Le système que vous proposez repose de surcroît sur une identification des « coupables », techniquement inefficace parce que hasardeuse, pour ne pas dire arbitraire. Pour prévenir le téléchargement sur les bornes publiques sans fil – le fameux Wifi –, qui nous entourent, y compris dans le jardin du Luxembourg, le Gouvernement est même allé jusqu’à envisager la création de « listes blanches », censées répertorier les sites autorisés !

À ces subtilités quasi surréalistes, à défaut d’être virtuelles, s’ajoute une « triple peine », qui additionne suspension de la connexion, poursuite du paiement de l’abonnement et persistance des poursuites civiles ou pénales.

Madame la ministre, la vérité est sans doute difficile à avouer : vous avez promis aux acteurs de la création de proscrire ce qui ne peut l’être techniquement.
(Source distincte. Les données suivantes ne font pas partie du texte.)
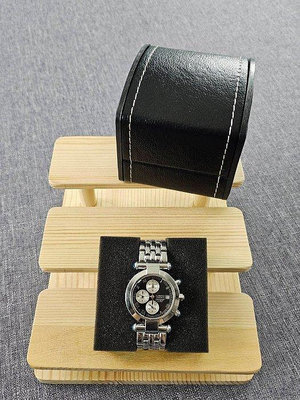 Alfredo Versace 礦物玻璃錶面 黑色格紋錶盤 三眼計時 石英腕錶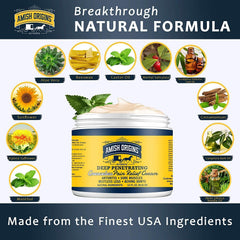 Amish Origins Pain Relief Cream — quick-acting formula for sore muscles when applied.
Il est en effet apparu clairement au cours des débats au Parlement que l’adresse IP, numéro qui identifie chaque ordinateur connecté à internet, peut être aisément masqué ou même détourné par un utilisateur tiers.

Vous établissez une véritable présomption de culpabilité qui, à notre sens, est contraire à la Constitution, comme d’ailleurs le non-respect du principe de l’imputabilité. Cette loi sanctionne non pas le téléchargement en soi, mais le défaut de sécurisation par l’abonné de sa connexion à internet. Elle impose à tous les citoyens de maîtriser leur outil informatique, alors même que les professionnels admettent sans fard qu’ils n’en sont pas toujours capables.

Pour prouver sa bonne foi, l’internaute devra installer un logiciel faisant office de mouchard, dont la désactivation pourra être sanctionnée pour chaque équipement connecté.

Madame la ministre, au lieu de concentrer votre énergie à défendre, durant deux mois, l’indéfendable, pour vous attirer les faveurs électorales de quelques grands industriels de la culture, il eût été préférable d’essayer d’adapter le droit d’auteur à l’ère numérique. Comme lors de l’examen, en 2006, de la loi relative au droit d’auteur et droits voisins dans la société de l’information, qui promettait déjà tout et ne réglait rien, vous avez été d’une discrétion absolue sur ce sujet beaucoup plus complexe.

Vous concevez toujours la création comme un patrimoine statique qu’il faut défendre et, surtout, ne pas rendre accessible au plus grand nombre. Seule une nouvelle rémunération du droit d’auteur, qui régulerait aussi la part de chaque acteur de la création, est en effet adaptée aux réalités d’internet. S’il n’est pas possible d’adapter internet au droit d’auteur, c’est le droit d’auteur qu’il faut faire évoluer, dans l’esprit qui lie les artistes à leur public.

Madame la ministre, vous avez fini par déclarer, voilà quelques jours, que cette loi avait pour seul but de créer « un cadre psychologique ». Vous aviez déjà endossé il y a quelques semaines le rôle de gendarme du Net ; vous jouez donc désormais un second rôle, celui d’analyste du monde virtuel. Peut-être eût-il été préférable que vous restiez, tout simplement, ministre de la culture…

Parce que ce projet de loi est fondamentalement liberticide, structurellement inefficace et qu’il ne saisit pas l’occasion de repenser les rapports économiques du monde de la culture, les sénateurs du Parti de gauche, Jean-Luc Mélenchon et moi-même, voterons contre.